WHAT IS BEING ASKED: Among the entries below, please repeat exactly and only the lines from the line containing "Podstawy Energii Jądrowej" to the line containing "Rysy Boutique Hotel", both lines included.

RECORDS:

------------------------------------

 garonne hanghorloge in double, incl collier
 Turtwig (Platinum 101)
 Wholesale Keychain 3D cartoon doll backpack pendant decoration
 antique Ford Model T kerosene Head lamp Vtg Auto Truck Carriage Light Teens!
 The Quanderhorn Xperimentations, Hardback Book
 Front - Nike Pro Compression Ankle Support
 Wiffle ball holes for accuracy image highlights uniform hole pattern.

------------------------------------

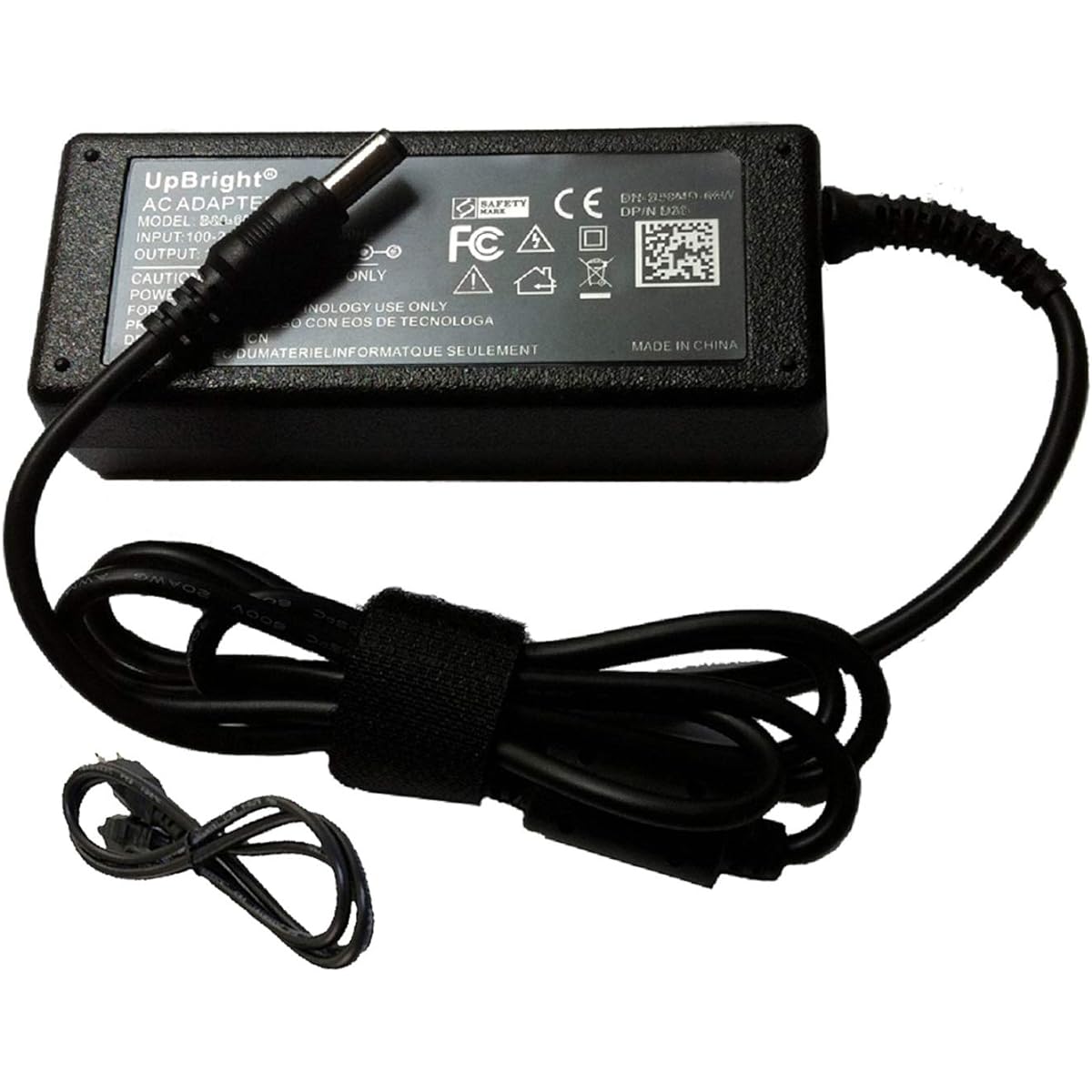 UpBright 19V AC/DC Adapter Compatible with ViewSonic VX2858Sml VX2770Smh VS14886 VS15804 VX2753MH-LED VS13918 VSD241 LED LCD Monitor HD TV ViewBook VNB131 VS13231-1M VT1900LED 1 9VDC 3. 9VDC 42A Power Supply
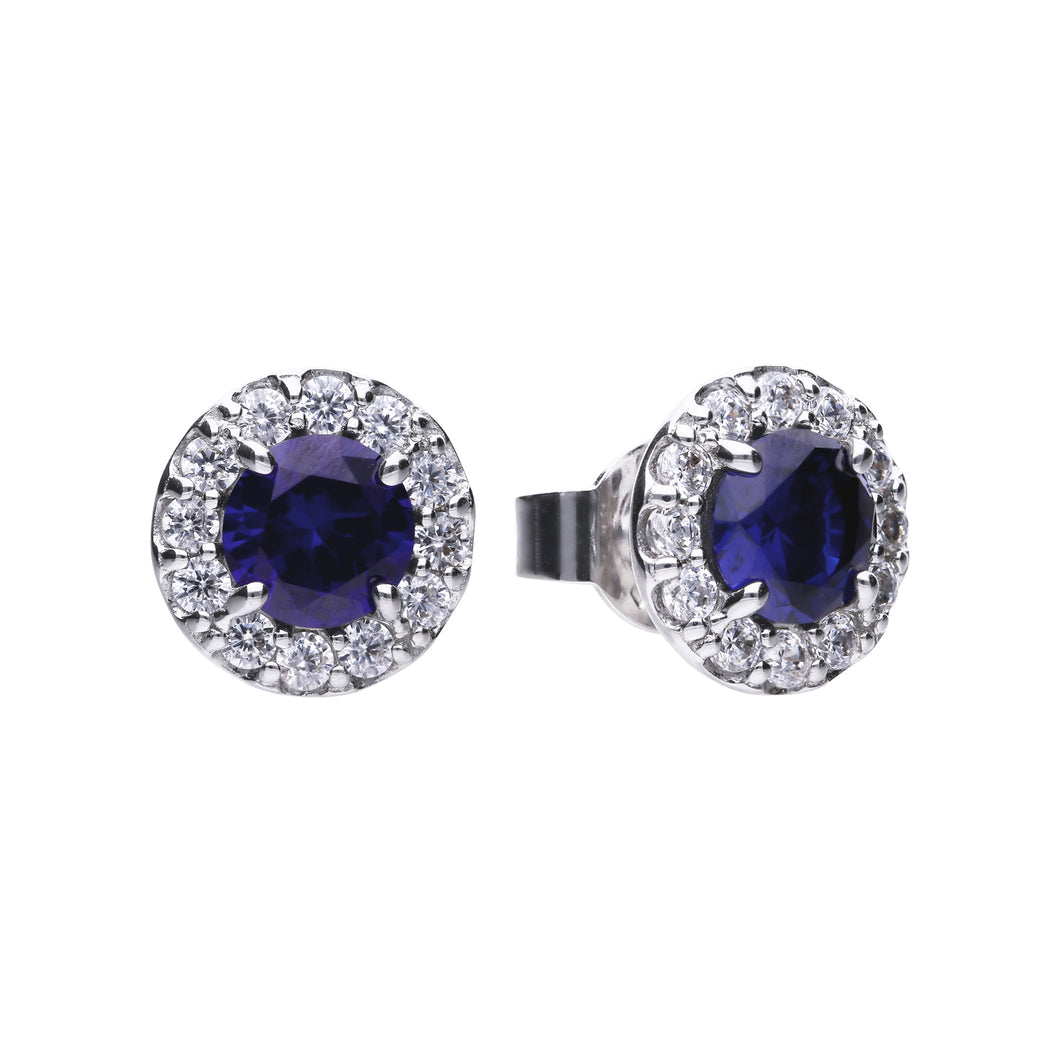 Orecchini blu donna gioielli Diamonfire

------------------------------------

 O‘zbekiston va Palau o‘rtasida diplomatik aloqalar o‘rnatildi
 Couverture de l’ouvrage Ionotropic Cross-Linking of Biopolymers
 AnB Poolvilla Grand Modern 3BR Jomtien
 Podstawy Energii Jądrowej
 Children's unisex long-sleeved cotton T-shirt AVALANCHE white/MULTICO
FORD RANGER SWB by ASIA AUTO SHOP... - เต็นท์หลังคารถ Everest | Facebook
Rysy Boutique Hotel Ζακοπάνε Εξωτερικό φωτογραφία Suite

------------------------------------

YOUR SOLUTION:
 Podstawy Energii Jądrowej
 Children's unisex long-sleeved cotton T-shirt AVALANCHE white/MULTICO
FORD RANGER SWB by ASIA AUTO SHOP... - เต็นท์หลังคารถ Everest | Facebook
Rysy Boutique Hotel Ζακοπάνε Εξωτερικό φωτογραφία Suite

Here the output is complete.